Меня очень изматывал новый график жизни: целый день приходилось крутить машину на фабрике, потом возвращаться домой, готовить ужин (в нашей маленькой коммуне никто больше готовить не умел) и кроить платья на завтра. Впрочем, какое-то время я чувствовала себя сносно — ведь у нас была великая цель. Мы занялись и общественной работой: проводили занятия, лекции, собрания и танцы. У нас едва ли было время подумать о себе — настолько наша жизнь была насыщенной и напряжённой. На несколько лекций приезжал Мост и оставался тогда погостить. Заехал Золотарёв, и мы устроили праздник в честь того дня, когда именно в Нью-Хейвене я слушала его лекцию. Наша коммуна стала центром притяжения передовых русских, еврейских и немецких товарищей. Все мероприятия мы проводили на иностранных языках, и потому не привлекали пристального внимания прессы и полиции.

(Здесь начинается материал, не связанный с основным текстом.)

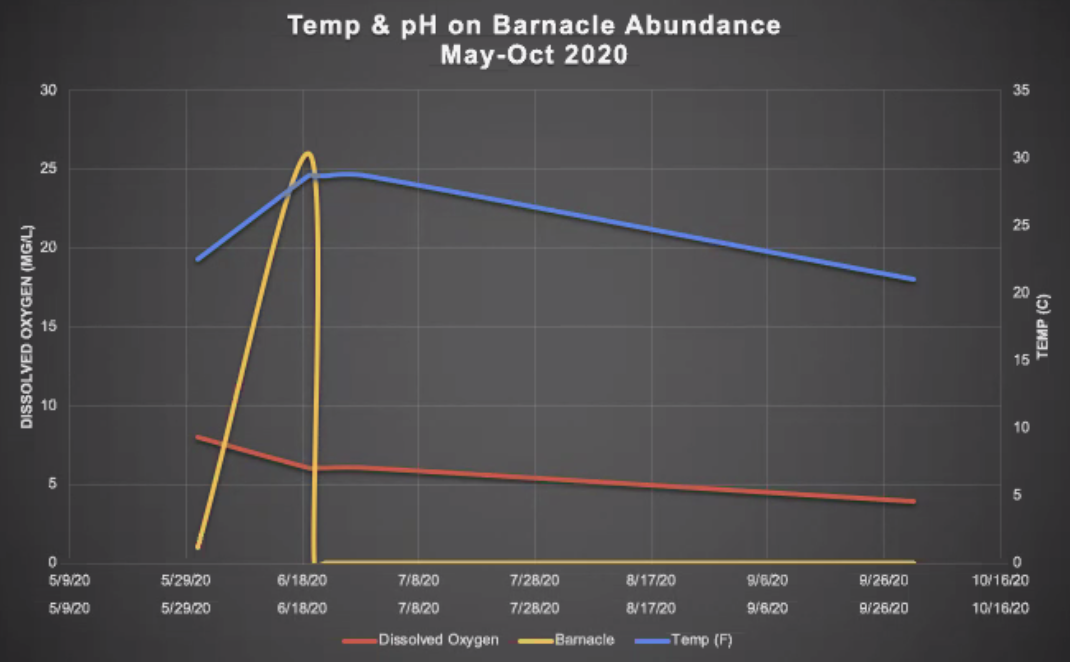 graph showing temperature, DO, and pH from May-Oct 2020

Постепенно мы наработали хорошую клиентуру — это позволяло мне надеяться, что скоро я смогу уйти с фабрики. Саша быстро осваивал типографскую работу. Федя же уехал обратно в Нью-Йорк — работы в Нью-Хейвене для него не нашлось. Наша пропагандистская деятельность давала свои плоды: на лекции приходили толпами, бойко расходилась анархическая литература, а у Freiheit появилось много новых подписчиков. Но активную, интересную жизнь вскоре потревожили печальные события. Ещё в Нью-Йорке Анна заболела, а теперь ей стало ещё хуже — проявились симптомы чахотки. Одним воскресным вечером, когда Мост завершал свою лекцию, Елена разрыдалась без видимой причины. Наутро она призналась мне, что любит Моста и уедет в Нью-Йорк, потому что не может жить от него вдалеке.
Сама я в последнее время редко оставалась с Мостом наедине. Он приходил к нам после лекций, но вокруг всегда были люди, и вечером он уезжал в Нью-Йорк. Иногда Мост звал меня в Нью-Йорк, но такие встречи обычно заканчивались скандалом — он настаивал на более тесных отношениях, которых я не могла допустить. Однажды он разозлился и заявил, что больше не будет уговаривать меня — он может «заполучить Елену, когда пожелает». Я решила, что он шутит, пока не услышала признание от самой Елены. Теперь мне стало интересно, на самом ли деле Мост любит её.
В следующее воскресенье Мост пообедал у нас дома, и мы отправились на прогулку. Я попросила рассказать, что он чувствует к Елене. «Это смешно, — ответил он. — Девочке просто нужен мужчина. Она думает, что любит меня — уверен, ей сгодится и любой другой». Такая мысль возмутила меня: я хорошо знала Елену, она была не из тех, кто отдаётся первому встречному, на что и намекал Мост. «Она жаждет любви», — возразила я. Мост цинично рассмеялся. «Любовь, любовь — всё это сентиментальная чепуха! — воскликнул он. — Есть только секс!» Значит, Саша оказался прав — Мост видит в женщинах только самок. Получается, и меня он воспринимает так же.